▶ [Input]:

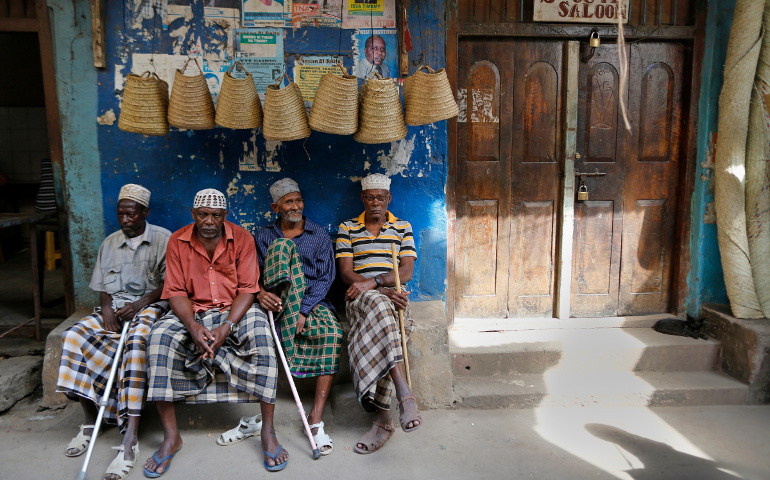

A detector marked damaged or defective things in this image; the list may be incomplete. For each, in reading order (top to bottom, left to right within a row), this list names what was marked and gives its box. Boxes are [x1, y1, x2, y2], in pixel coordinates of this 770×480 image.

peeling paint wall [83, 0, 444, 302]
blue paint chipping [82, 0, 448, 302]
peeling paint wall [684, 0, 732, 316]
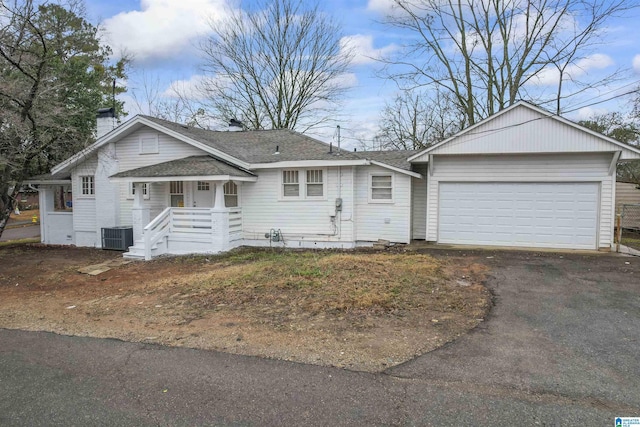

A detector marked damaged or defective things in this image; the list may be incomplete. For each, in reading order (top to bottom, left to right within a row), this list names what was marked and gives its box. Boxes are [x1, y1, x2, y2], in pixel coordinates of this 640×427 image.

cracked asphalt road [0, 249, 636, 426]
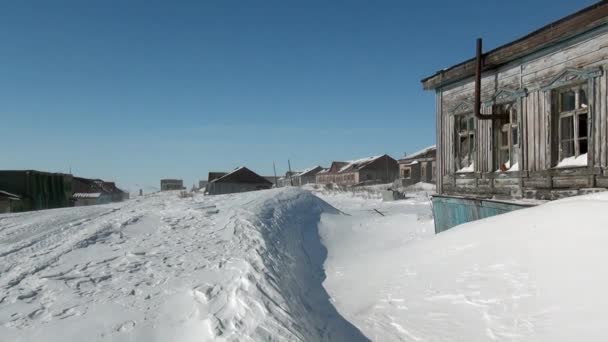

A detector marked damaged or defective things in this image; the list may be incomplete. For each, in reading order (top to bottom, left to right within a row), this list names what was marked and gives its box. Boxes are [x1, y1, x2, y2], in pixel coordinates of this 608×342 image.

rusted metal [472, 38, 510, 121]
broken window [456, 114, 476, 172]
broken window [494, 101, 516, 171]
broken window [556, 83, 588, 163]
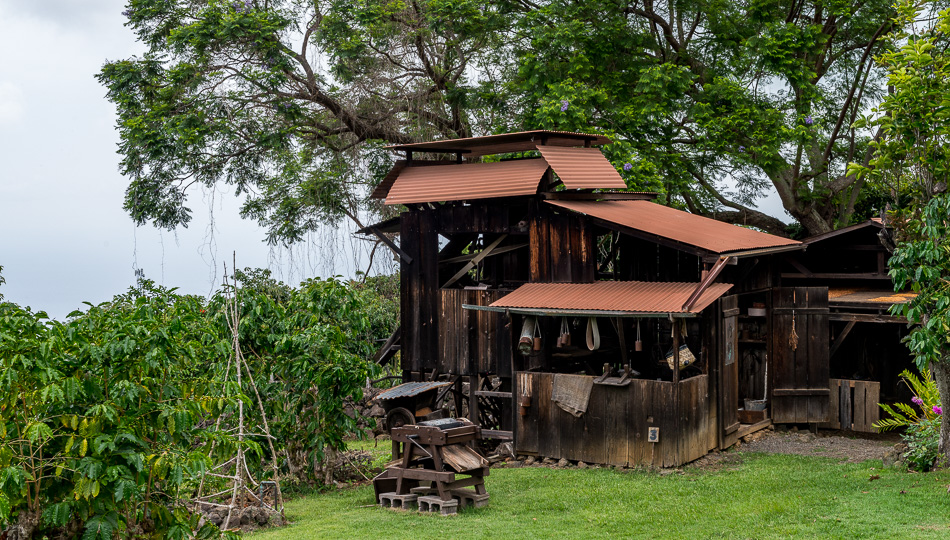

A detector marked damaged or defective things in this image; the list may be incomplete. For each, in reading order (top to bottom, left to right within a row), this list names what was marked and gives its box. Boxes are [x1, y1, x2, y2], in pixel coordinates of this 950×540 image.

rusty corrugated metal roof [388, 130, 616, 157]
rusty corrugated metal roof [384, 158, 552, 207]
rusty corrugated metal roof [540, 146, 628, 190]
rusty corrugated metal roof [548, 200, 800, 255]
rusty corrugated metal roof [490, 280, 736, 314]
rusty corrugated metal roof [376, 380, 454, 400]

▶ [Your goal]: Take the line that contains "this 950×540 image." and each line after it through the end of the records, and repeat them all exactly. Nothing else.

▶ [Written reply]:
A detector marked damaged or defective things in this image; the list may be incomplete. For each, in reading order (top to bottom, left to right within a row), this list names what was marked and gives its box. Boxes are [x1, y1, x2, y2], in pixel coordinates of this 950×540 image.

rusty corrugated metal roof [388, 130, 616, 157]
rusty corrugated metal roof [384, 158, 552, 207]
rusty corrugated metal roof [540, 146, 628, 190]
rusty corrugated metal roof [548, 200, 800, 255]
rusty corrugated metal roof [490, 280, 736, 314]
rusty corrugated metal roof [376, 380, 454, 400]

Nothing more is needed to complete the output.